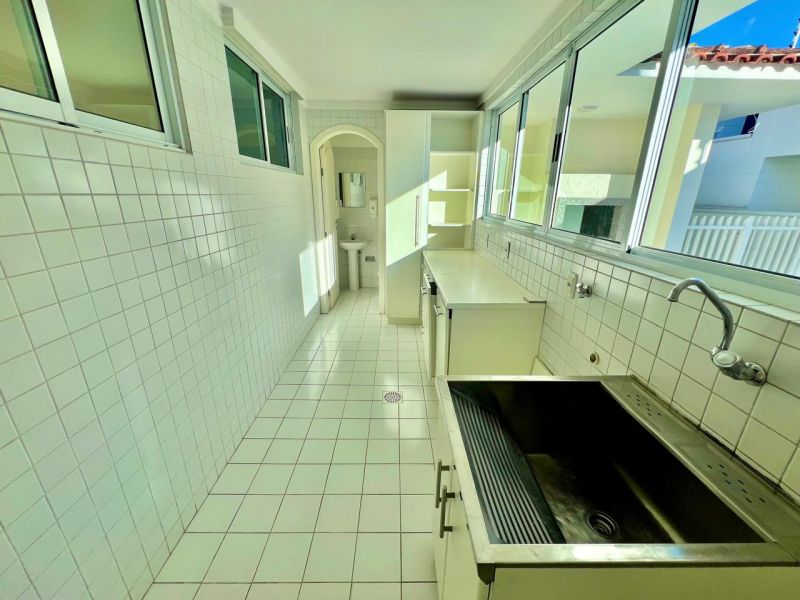 Casa 3 quartos  no bairro CENTRO em LAGES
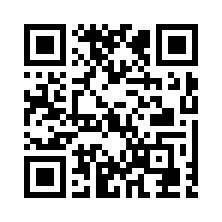 QR Code for 31pcLENsteYdazSDL81ZAsZBUHp9jyhrYS
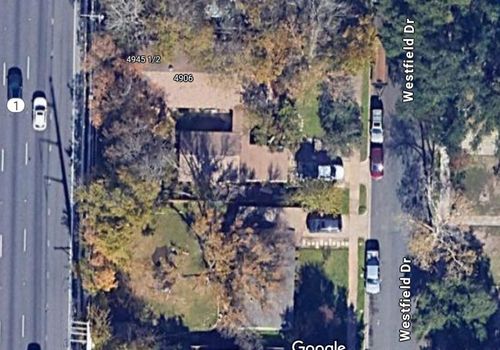 4906 Westfield Dr, Austin, TX, 78731-5545 | Card Image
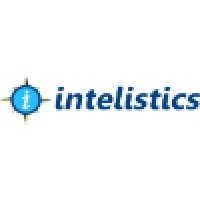 Intelistics Corp logo, Intelistics Corp contact details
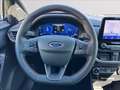 Ford Puma 1.0 ecoboost h ST-Line X s&s 125cv Blu/Azzurro - thumbnail 12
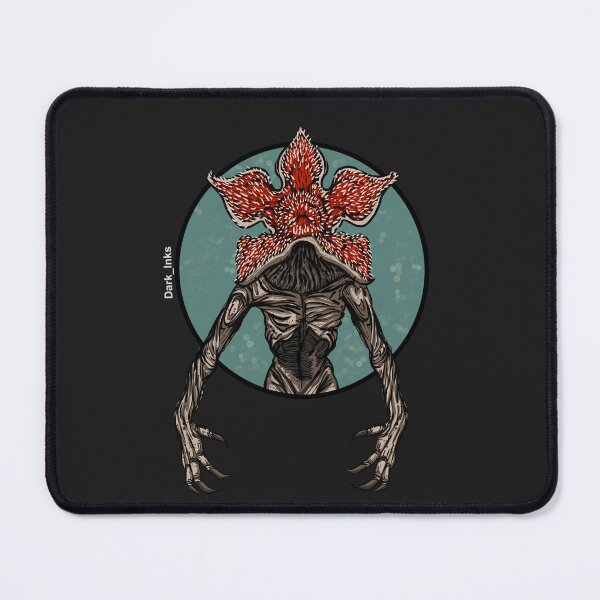 Item preview, Demon Monster designed and sold by Dark-Inks.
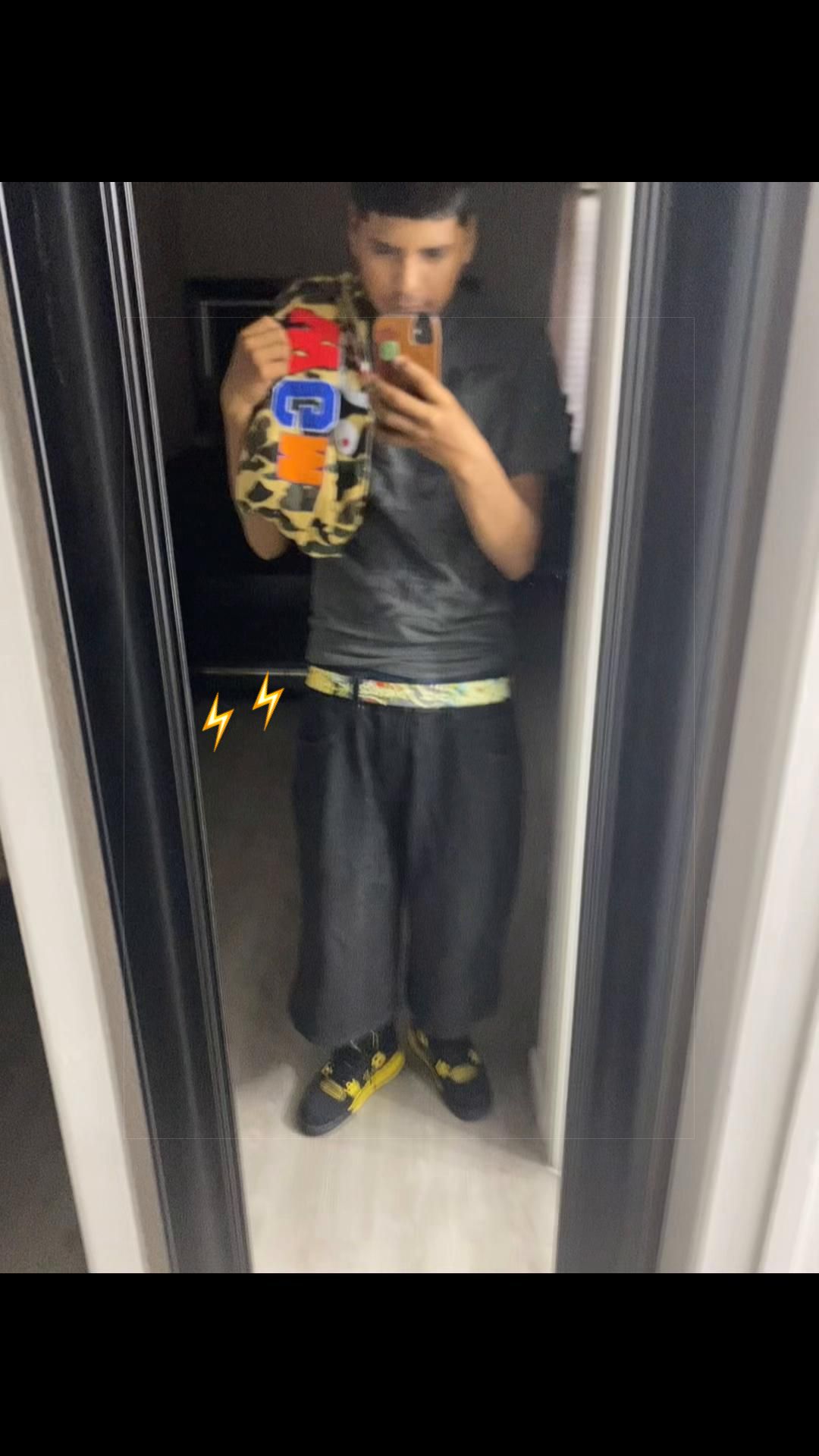 @713.VLro🫗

------------

=== Task ===
Copy the material exactly as written and leave every picture behind.

=== Your response ===
 Casa 3 quartos  no bairro CENTRO em LAGES
 QR Code for 31pcLENsteYdazSDL81ZAsZBUHp9jyhrYS
 4906 Westfield Dr, Austin, TX, 78731-5545 | Card Image
 Intelistics Corp logo, Intelistics Corp contact details
 Ford Puma 1.0 ecoboost h ST-Line X s&s 125cv Blu/Azzurro - thumbnail 12
 Item preview, Demon Monster designed and sold by Dark-Inks.
 @713.VLro🫗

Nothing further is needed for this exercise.